The woman asked: “How much do you charge?” That question, Marcos told me, “Changed my life”.

“To be paid for doing something I would happily have done for nothing was so unexpected. I felt very important because, for the first time, I would have the opportunity to work and earn on my own.”

“I had never heard of a job like this. I could save and buy sneakers or give a part of the money to my mother. That made me extremely proud. Most importantly, the commitment to walk Nina gave me a friendship that cannot be valued in price.”

Over the years, while following his studies, walking dogs became his joy and occupation.
One day Marcos asked me how much I would charge to mentor him, help improve his English and guide him toward the kind of regular executive job that was his ambition.

Of course, I was delighted. I told him I would charge him nothing, and we started to have weekly sessions.

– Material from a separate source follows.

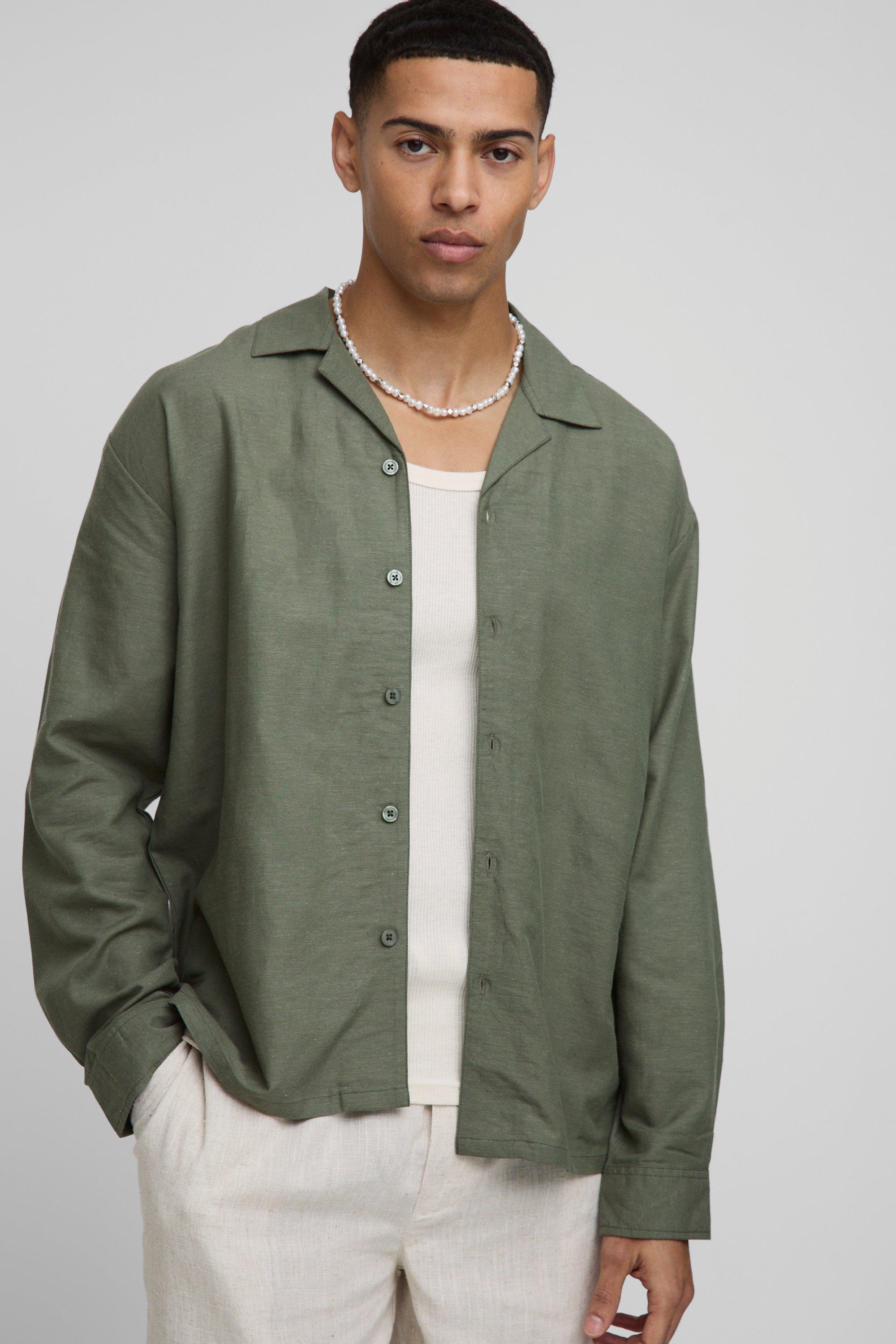 Mens Green Oversized Long Sleeve Revere Linen Shirt, Green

They ranged widely, and there seemed nothing he wasn’t interested in. I helped him write an article published in HuffPost, and he helped me in numerous ways.

He introduced me to his lovely blond girlfriend, Daniela, a fledgling lawyer who helped me draft a Will.
One day Marcos told me that his bike had been stolen from in front of my building. He did not go to the police because he had been taught they didn’t help black people.

I helped him overcome that instinctive fear, enlisted their help, and amazingly, got the bike back. And we celebrated together when he landed a good executive trainee job from which he has already been promoted.

I was surprised and honored when after a few years of mentoring, he asked me to be the best man at his wedding. He and Daniela were planning a very special event and saving up to pay for it.

Last week the wedding day finally arrived, and the celebration had a wonderfully formal informality about it.

The families and guests were that exceptional cross-sections of Brazilians you find here, a comfortable and easy mix of races, colors, and backgrounds. When the bride and groom walked under an array of sparklers, raised like swords at a military wedding, I felt part of something very special.

It was that unique Brazilian quality of friendship.